Hash Tables in C — C Programming Lecture Notes

A hash table (or hash map) is one of the most powerful data structures in computing. It maps keys to values with an average-case O(1) lookup, insertion, and deletion. This makes it the go-to choice for dictionaries, caches, symbol tables, database indexes, and deduplication systems. In this lecture, we will build a production-quality hash table from scratch in pure C using separate chaining with dynamically allocated linked-list buckets.

1. Why Hash Tables Matter

Imagine you need to store 100,000 key-value pairs and look up values by key hundreds of thousands of times. With an unsorted array, each lookup is O(n): you must scan every element. With a balanced binary search tree, it is O(log n). With a well-designed hash table, it is O(1) average—a constant number of steps irrespective of the table's size.

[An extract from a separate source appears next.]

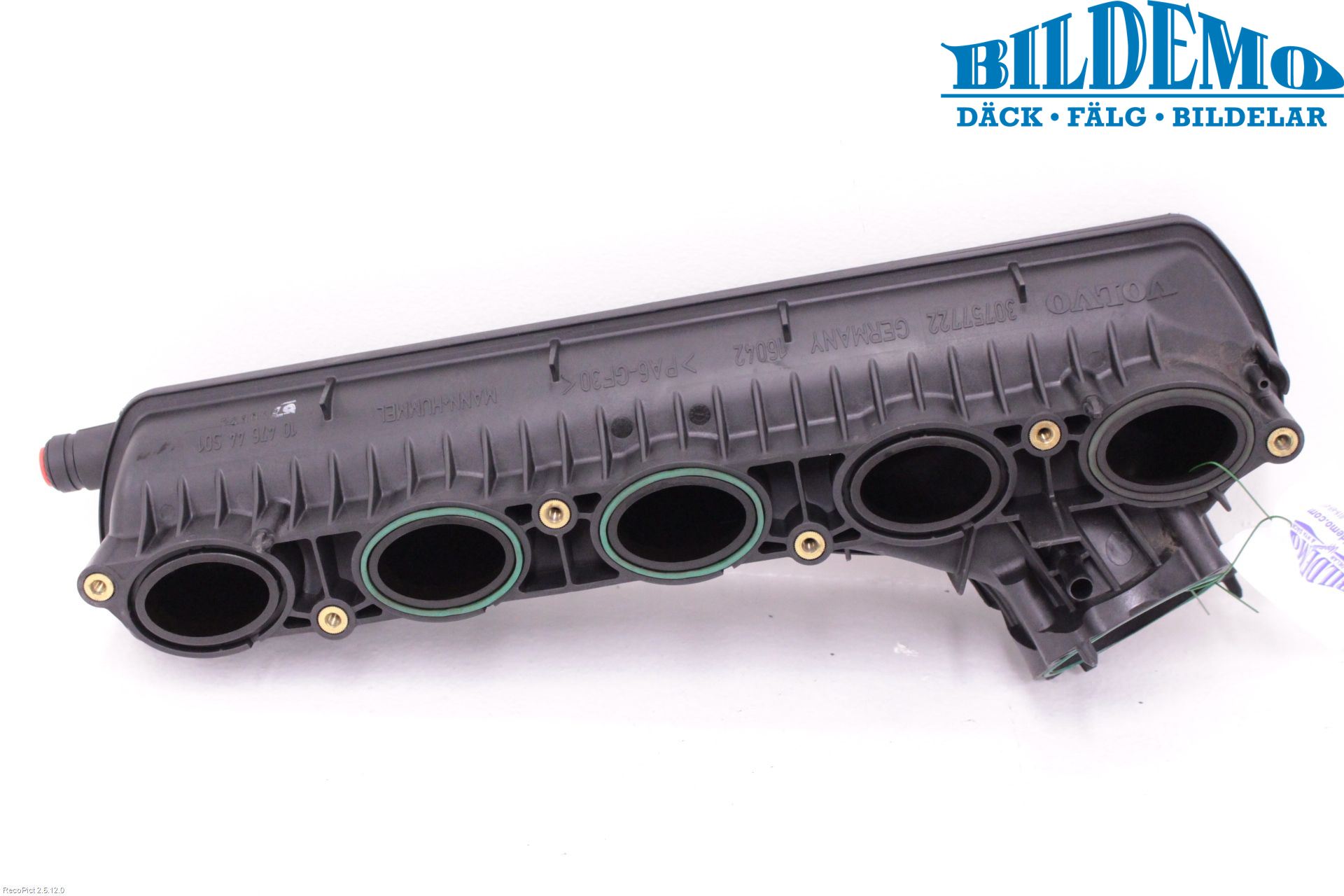 Volvo V70 08-13 Grenrör Insug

The core idea is deceptively simple: feed your key into a hash function, which produces an integer index. Use that index to jump directly to a slot (bucket) in an array. If two keys map to the same index (collision), resolve it.

+---+---+---+---+---+---+---+---+
| 0 | 1 | 2 | 3 | 4 | 5 | 6 | 7 |   <-- Array of buckets
+---+---+---+---+---+---+---+---+
  |
  v
+---------+    +---------+
| "alice" |-->| "carol" |--> NULL   <-- Collision chain (linked list)
|  42     |    |  99     |
+---------+    +---------+

The three essential operations, all amortised O(1):

insert(key, value): Hash the key, find the bucket, prepend (or append) a node.
lookup(key): Hash the key, walk the chain at that bucket, return the value.
delete(key): Hash the key, walk the chain, unlink the matching node.

2. Hash Functions

A hash function maps arbitrary data (strings, structs) to a fixed-size integer. A good hash function must be:

Deterministic: The same key always produces the same hash.
Uniform: Outputs must be evenly spread across the output range.
Fast: Hashing must be cheap; it happens on every operation.
Avalanche effect: A tiny change in input should drastically change the output.

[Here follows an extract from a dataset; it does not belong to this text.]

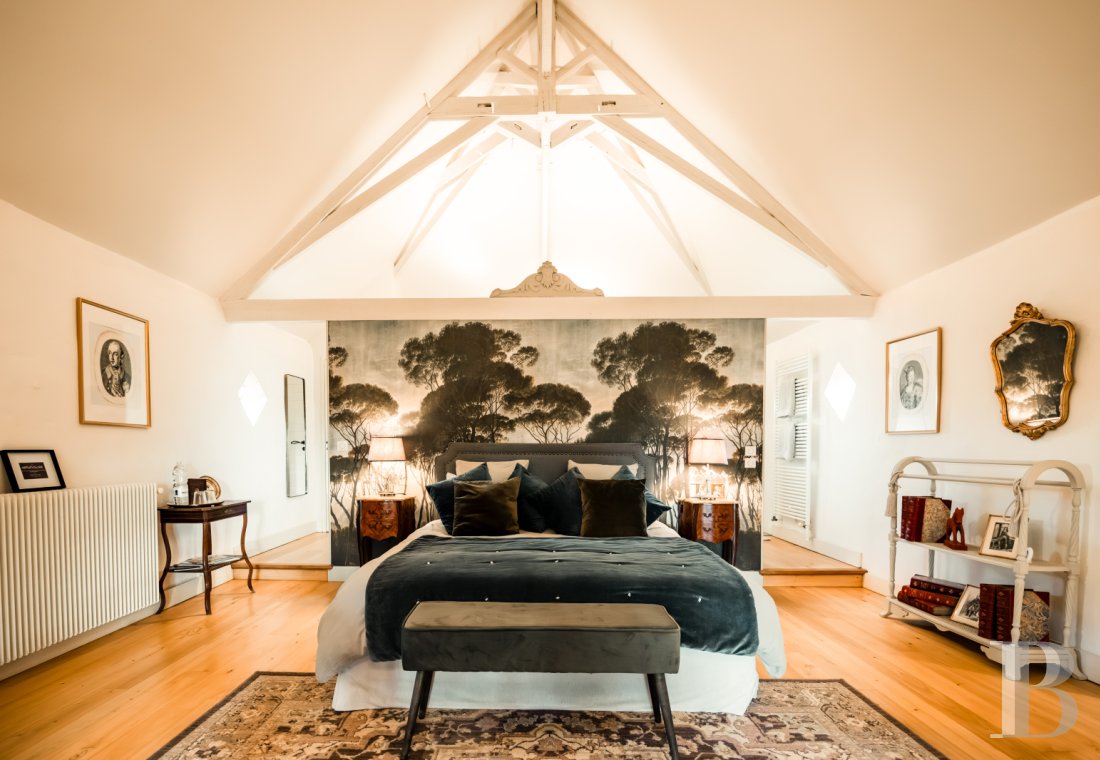 Dans le Lot-et-Garonne, au sud-est de Marmande, une demeure des 18e et 19e siècles en bordure du canal latéral de la Garonne - photo  n°17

A poor hash function that always returns 0 degenerates a hash table into a single linked list—O(n) for everything. A hash table is only as good as its hash function.

2.1 The djb2 Hash

Created by Daniel J. Bernstein, djb2 is one of the simplest and most effective string hash functions. It multiplies an accumulator by 33 and XORs in each character:

unsigned long hash_djb2(const char *str) {
    unsigned long hash = 5381;
    int c;

    while ((c = *str++)) {
        hash = ((hash << 5) + hash) + c;  // hash * 33 + c
    }

    return hash;
}

The magic number 5381 and multiplier 33 work well empirically for ASCII strings. The left-shift trick (hash << 5) + hash computes hash * 33 using a fast bit-shift-and-add instead of multiplication. djb2 produces a 32-bit or 64-bit value, which we then reduce modulo the table size.

2.2 The FNV-1a Hash

Fowler–Noll–Vo (FNV) is another widely-used non-cryptographic hash. The FNV-1a variant XORs before multiplying:

#define FNV_OFFSET 14695981039346656037UL
#define FNV_PRIME  1099511628211UL

unsigned long hash_fnv1a(const char *str) {
    unsigned long hash = FNV_OFFSET;

    while (*str) {
        hash ^= (unsigned char)*str++;
        hash *= FNV_PRIME;
    }

    return hash;
}

FNV-1a has slightly better avalanche characteristics than djb2 for English text, but both are excellent choices for general-purpose hash tables.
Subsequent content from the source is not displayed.